The main reason I now pay close attention to closing times is because of an adventure my brother and I had at Woodlawn Cemetery in the North Bronx, NYC. This was maybe in the summer of 2002, as far as I can recall, and my first time being locked in. I had convinced him to take the train with me from Philadelphia to the Bronx to go shooting in this grand old Victorian cemetery called Woodlawn. It’s all the way at the north end of a subway/elevated line at the Woodlawn stop, a pretty rough neighborhood. Worth the effort, though, as it is certainly one of the most elaborate and picturesque cemeteries in the country. Back then, it was my own precious discovery.

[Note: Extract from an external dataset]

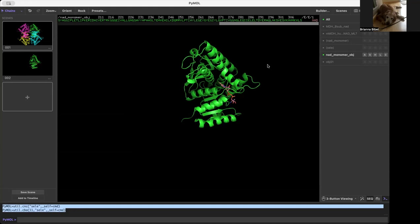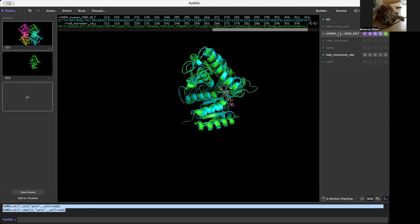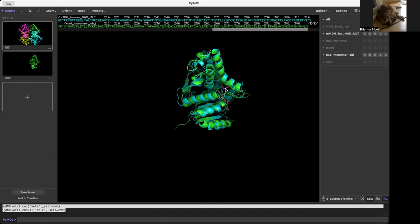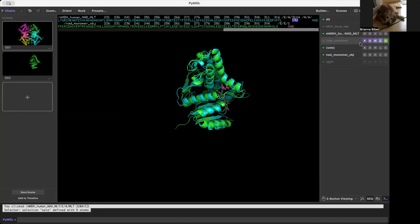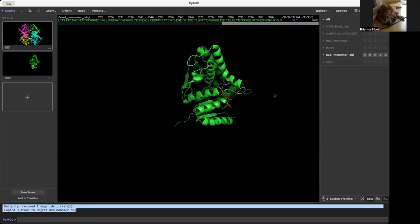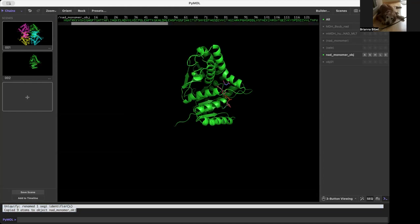Just like you can copy to a new object, you can also copy to an existing object. Say I have the structure of malate dehydrogenase bound to malate and I want to copy this molecule of malate into my other object. I can select that malate, then go to Action, Copy to Object, and copy to this NAD monomer object. Now you can see that my NAD monomer object has both the malate and the NAD in it as well as the chain.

This being my first time at Woodlawn, I mistook the cemetery’s rear gate on Jerome Avenue for the main gate, (which is actually on Webster Avenue and East 233rd Street, clear on the opposite side of this huge 400-acre cemetery). The Jerome Avenue gate and wrought iron fencing were about 10 feet high. My brother made special note of that, and commented on the 4:30 closing time (he's such a worrywart).

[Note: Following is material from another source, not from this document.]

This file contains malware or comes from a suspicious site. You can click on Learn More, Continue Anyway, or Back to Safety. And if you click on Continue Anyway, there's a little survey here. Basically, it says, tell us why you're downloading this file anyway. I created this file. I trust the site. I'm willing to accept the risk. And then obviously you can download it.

|Detail of Belmont Mausoleum|
After we exhausted our film on the gargoyles and flying buttresses (I don’t really know what those are but I always wanted to say it), we realized it was 4:45! Aahhhh! To the gate!...... What?! CLOSED!!!
After some howls and imprecations on my brother’s part (directed mainly toward me), I took the predicament into consideration and figured it was possible to climb up the gate and down the other side. With my camera bag on my shoulder, I scaled up the inside of the gate, thankful for the built-in footholds of ornamental wrought iron, over the top and down the front. Getting Tim over the gate was quite another story−my poor brother had such a horrendous time! He cursed me coast to coast during both his ascent and descent. At one point, he was sitting on top of the closed gate with me outside trying to convince him that a safe dismount was indeed possible. I was conscious of cars on the highway slowing down to look at us, with the drivers probably thinking, “Why are they trying to get out? In this neighborhood, it’s certainly safer inside that cemetery!” But we got him out, with me jamming his feet into footholds he couldn’t see. Took about a half hour in the hot setting summer sun. To cool him down (in more ways than one) I bought him a few beers at the biker bar under the el stop across the street. Then we took the long series of train rides home.

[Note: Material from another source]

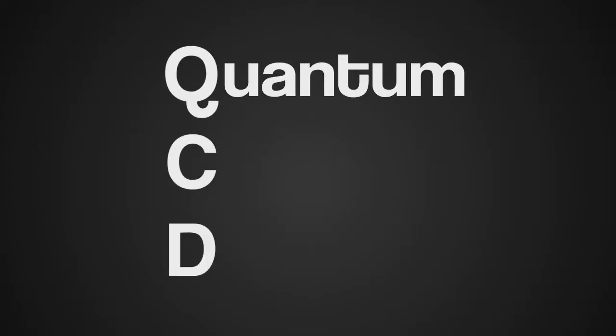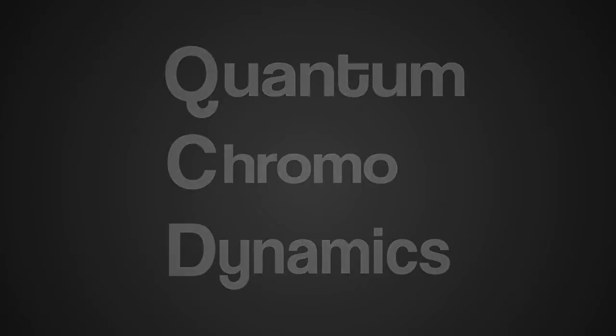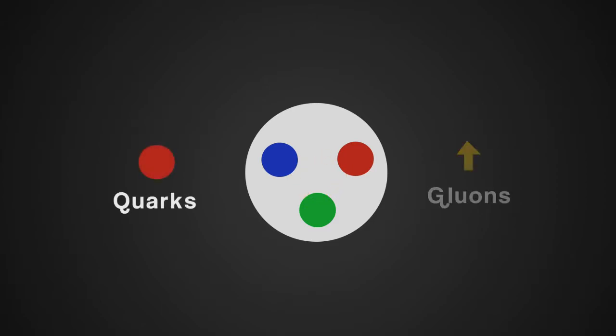QCD, or quantum chromodynamics, is a theory which describes the interaction between particles in the nucleus, particularly the interactions between quarks and gluons.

PHOTOGRAPHING AT WOODLAWN CEMETERY
During my third visit to Woodlawn a year or so later, my friend Krista and I actually found the front entrance with the offices and gatehouse, on Webster Avenue and East 233rd Street. We signed in as official visitors (so unlike me), and were told that if we wanted to take photographs, we had to apply for a permit, and pay some nominal fee (it might have been $5 or $10), which we did. Curiously, they also told us we were not allowed to photograph any of the bronze sculptures! These rules may have changed in the past ten years, but the “Photography Permit Application” (which you’re supposed to submit in advance of your visit) is still on Woodlawn’s website.